> [Brief] Repeat each entry below exactly, omitting any picture it holds.

> [Records supplied]
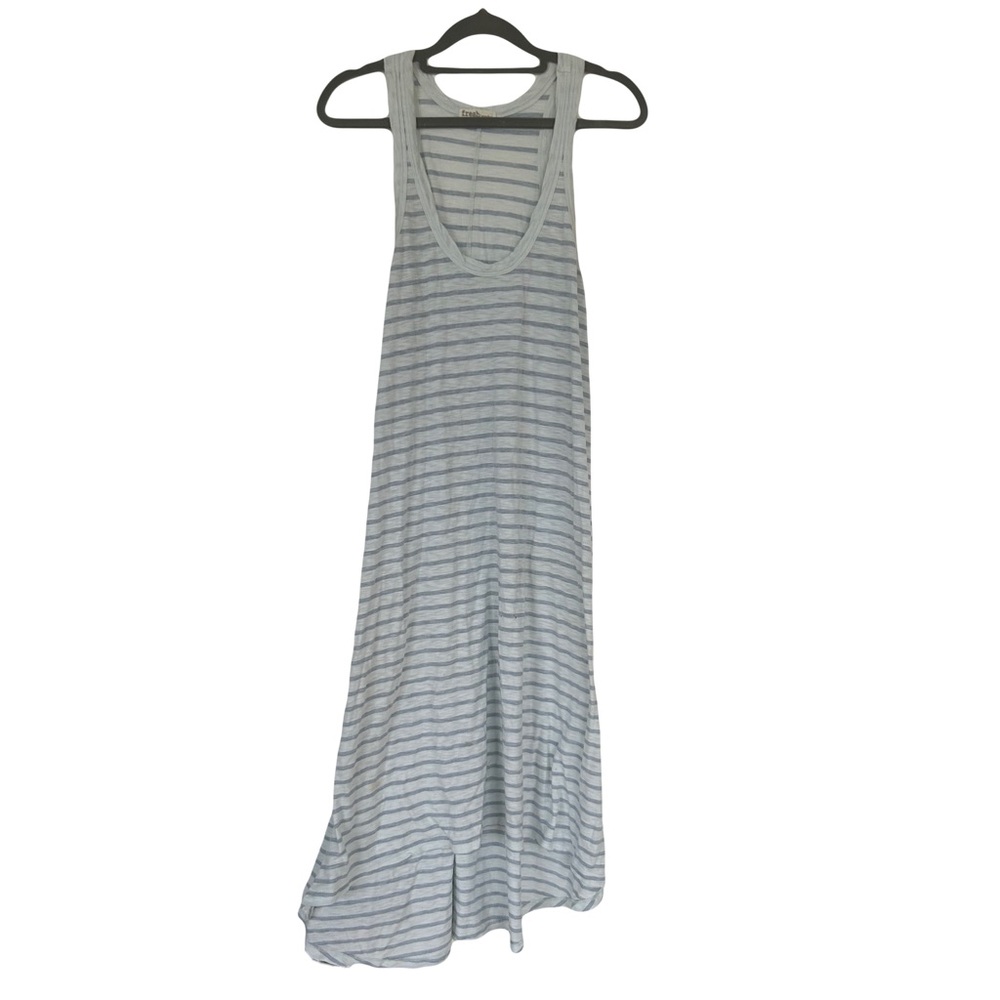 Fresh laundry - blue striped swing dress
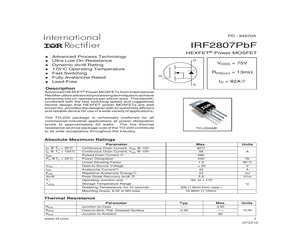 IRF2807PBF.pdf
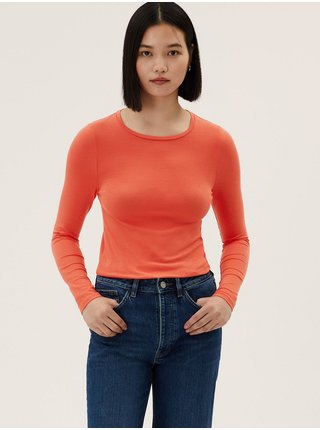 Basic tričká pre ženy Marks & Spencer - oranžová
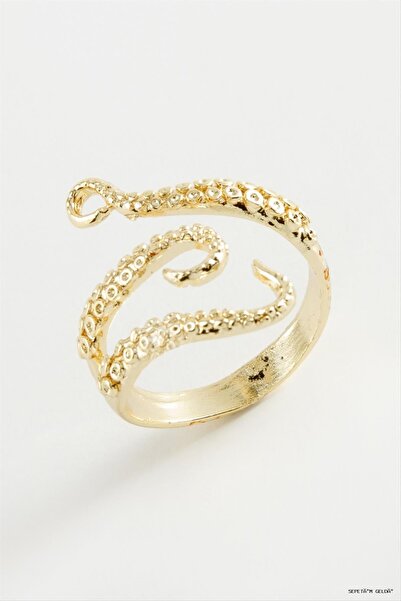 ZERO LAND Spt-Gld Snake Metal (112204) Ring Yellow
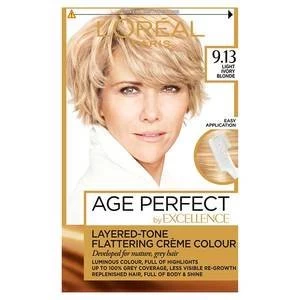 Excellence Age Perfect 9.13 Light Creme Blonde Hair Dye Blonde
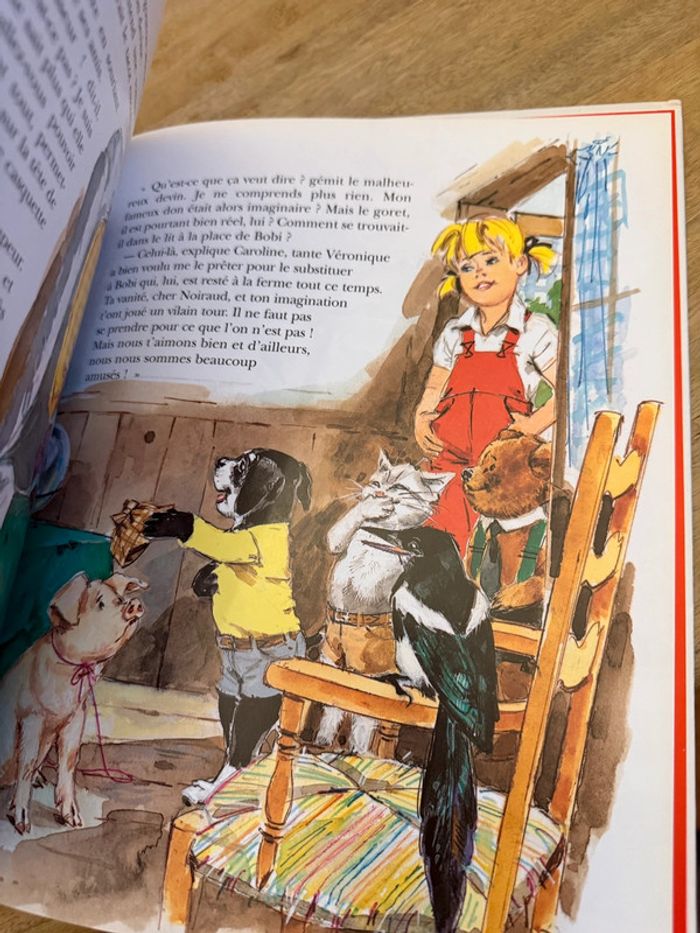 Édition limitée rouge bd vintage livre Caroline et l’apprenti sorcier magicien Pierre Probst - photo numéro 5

> [Response to the task]
 Fresh laundry - blue striped swing dress
 IRF2807PBF.pdf
 Basic tričká pre ženy Marks & Spencer - oranžová
 ZERO LAND Spt-Gld Snake Metal (112204) Ring Yellow
 Excellence Age Perfect 9.13 Light Creme Blonde Hair Dye Blonde
 Édition limitée rouge bd vintage livre Caroline et l’apprenti sorcier magicien Pierre Probst - photo numéro 5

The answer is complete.